Python API¶

All public symbols are importable directly from databricks_access_audit.

from databricks_access_audit import create_client, PrincipalAuditor, ...

Client factory¶

`create_client(...) → AuditClient`¶

from databricks_access_audit import create_client

client = create_client(
    cloud="azure",            # "azure" | "aws" | "gcp"
    client_id="...",
    client_secret="...",
    account_id="...",
    prefer_sdk=True,          # use databricks-sdk when available (default True)
    max_retries=5,
    base_delay=1.0,
    max_delay=60.0,
)

Returns a DatabricksSDKClient when databricks-sdk is installed and prefer_sdk=True, otherwise a DatabricksAPIClient (raw HTTP).

Group audit¶

`GroupMembershipResolver`¶

Resolves a group and its full nested membership tree.

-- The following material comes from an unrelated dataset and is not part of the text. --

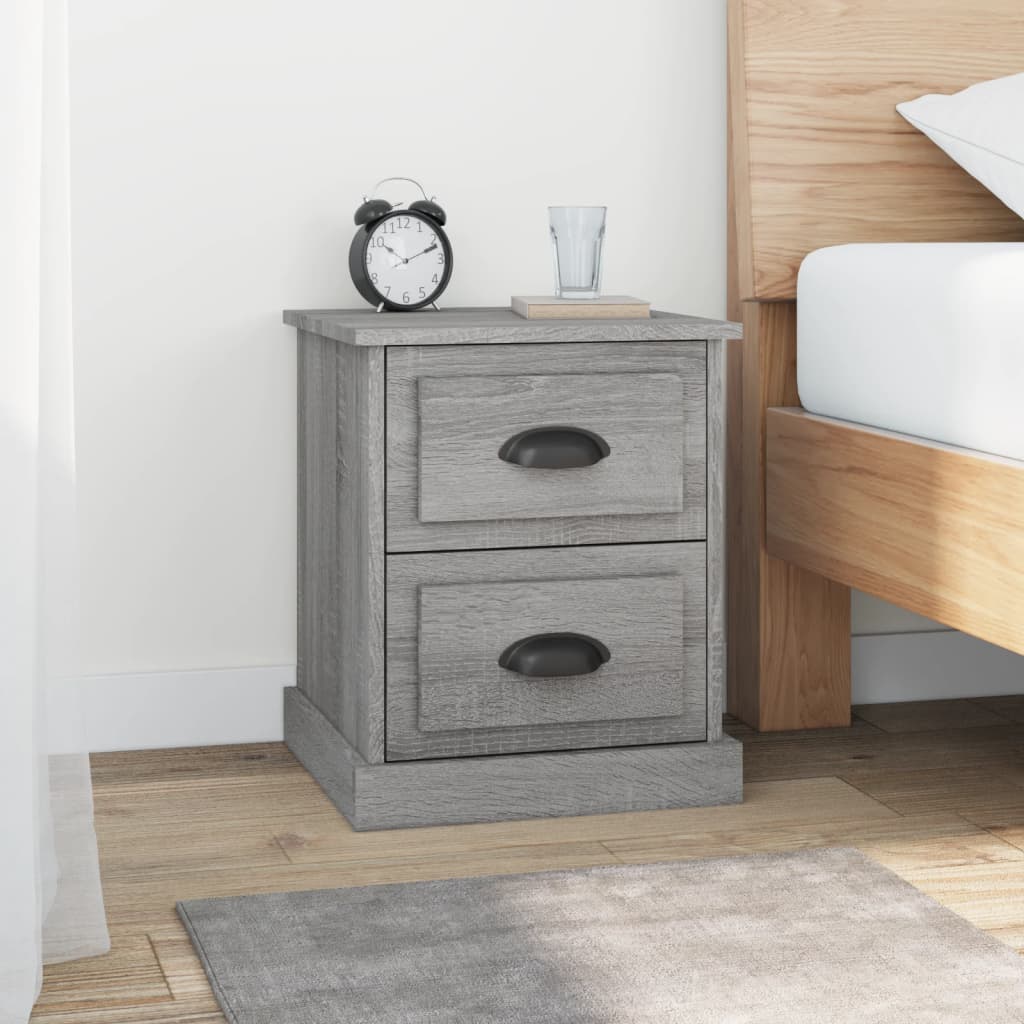 Vetonek Mesita de noche madera contrachapada gris Sonoma 39x39x47,5 cm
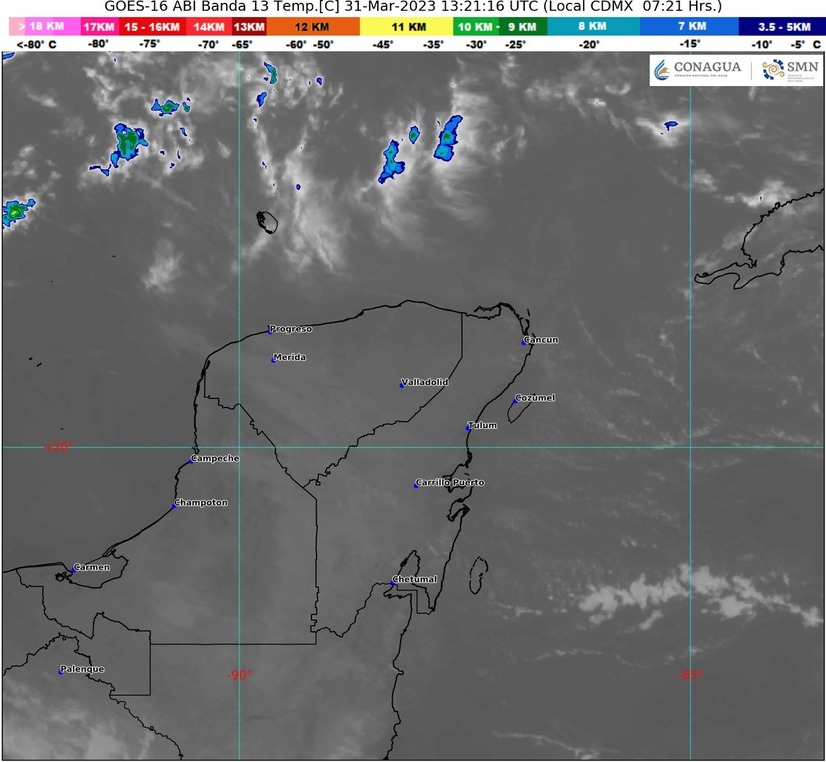 Prevén cielo nublado con lluvias aisladas para Quintana Roo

from databricks_access_audit import GroupMembershipResolver

resolver = GroupMembershipResolver(client)
group_node = resolver.resolve_group("data-engineers")
members = resolver.get_all_members_flat(group_node)
# members = {"users": [GroupMember, ...], "service_principals": [GroupMember, ...]}

`CatalogPermissionScanner`¶

Scans catalog-level Unity Catalog grants across all workspaces.

from databricks_access_audit import CatalogPermissionScanner, WorkspaceDiscovery

ws_disc = WorkspaceDiscovery(client, cloud_provider="azure")
workspaces = ws_disc.discover()

scanner = CatalogPermissionScanner(client, resolver)
catalog_grants = scanner.scan_all_workspaces(
    workspaces, "data-engineers", group_node, members, max_workers=8
)
# Returns List[CatalogGrant]

`SchemaPermissionScanner` / `TablePermissionScanner` / `VolumePermissionScanner`¶

from databricks_access_audit import (
    SchemaPermissionScanner,
    TablePermissionScanner,
    VolumePermissionScanner,
    WorkspaceInfo,
)

sch_scanner = SchemaPermissionScanner(client)
schema_grants = sch_scanner.scan_schemas(workspace, catalog_name, group_name, members, upstream)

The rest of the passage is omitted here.